ソファにべったりと張り付いているあたしの姿に、ロイズが苦笑をこぼすようにして手を伸ばす。


「なぅー」

あたしは伸ばされた手に顔を押し付けて小さく鳴いた。


酷いんだよ、エイルのヤツ。

あたしの首絞めたんだぞ。やつは()る気だったに違いない。容赦ってものがない。あたしは稚い子供だというのに、あいつ絶対人間じゃないよ。

魔物に違いない。


悪魔類鬼畜目(あくまるいきちくもく)エイル族に属する魔物に違いないよ!


「今日はおとなしいな」

首絞められたからね。

精神的ダメージ大きい。

いや……もしかしたらあたしもエイルの精神に何らかのダメージを与えたのかもしれない。


あの後、エイルってば始終不気味な顔を晒していた。

絶対にしちゃいけない顔だった。

近づいたら踏みつけられそうなめちゃくちゃイヤな雰囲気をかもしてましたよ。あたしは慌てて退散したかったのだけれど、猫の足で帰るにはちょっと遠いの。

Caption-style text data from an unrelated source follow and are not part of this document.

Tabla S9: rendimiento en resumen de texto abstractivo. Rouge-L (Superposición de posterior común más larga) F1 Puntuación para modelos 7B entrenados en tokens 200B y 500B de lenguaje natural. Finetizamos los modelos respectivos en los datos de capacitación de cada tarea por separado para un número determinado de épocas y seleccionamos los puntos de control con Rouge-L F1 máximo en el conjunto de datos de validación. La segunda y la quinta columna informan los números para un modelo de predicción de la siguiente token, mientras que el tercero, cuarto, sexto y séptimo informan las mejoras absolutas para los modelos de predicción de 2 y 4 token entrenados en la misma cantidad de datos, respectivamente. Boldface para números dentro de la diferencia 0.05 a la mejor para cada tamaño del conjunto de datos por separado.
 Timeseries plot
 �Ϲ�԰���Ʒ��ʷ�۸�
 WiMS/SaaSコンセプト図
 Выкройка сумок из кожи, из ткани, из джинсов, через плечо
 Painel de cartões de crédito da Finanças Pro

――必死に一時帰宅していた蝙蝠が戻るのを願ったわよ。


触らぬ神に祟りなし!

あいつ悪魔だけどねっ。


謝ったほうがいいかね?

どう思う?

――ほんのちょっとの御茶目なんだけどなぁ。

どうしてああ怒りっぽいんだろう。そりゃ、からかう気満々で言ったけどさ、そんなに怒るようなことだったかね?

男としての矜持ってヤツ?


食われたって表現がまずかったかね?

逆に、食べただったら良かったとか?


「なーに難しい顔してるんだ?」

さすが猫フェチ。あたしが悩んでいるのが判るのか?

猫の表情が判るなんてすごいぞ。

猫フェチスペシャリストは剥奪だが、猫フェチ初段はもう永遠にキミのものだ。

もう少ししたら二段にだってあがれるかもしれない。日々精進を(おこた)るな。

ロイズはあたしを膝の上に抱き上げ、機嫌よさそうな様子で首筋をなでる。すでに痛みとかはないものの、首は今日はちょっとイヤ。


「なぅっっ」

嫌がる素振りを示すと、今度は頭をぽんぽんっと軽く叩かれる。

「おまえは相変わらず小さいな。ちゃんと食べて大きくならないと駄目だぞ?」

ちゃんと食べてるよ。

昼食はエイルの家でしっかり食べてるしね。最近はココで食べるご飯だってあからさまな猫飯は出ないんだ。何故かというと出されたって食べないからね! じっと侍女の顔を見つめ続けると、侍女は苦笑して「ブランちゃんは口が肥えてるわねー、今回のご飯はイヤなのね」と諦めた様子で交換してくれるようになった。あたしの日々の努力の成果が実ったのだ!


 ああ、そんなことよりですよ!

明日行くの気が重いなぁ。

もうひたすらあやまっちゃおうかなぁ。

あたし悪かったかなぁ。

「にゃぅう?」

ねぇ、どう思う?

でもお昼ご飯もデザートも捨てがたいしね。何より、このまま喧嘩してたってあたしの人生が猫生になっちゃうくらい不毛なのよ。ってかめちゃくちゃそれは駄目だろう。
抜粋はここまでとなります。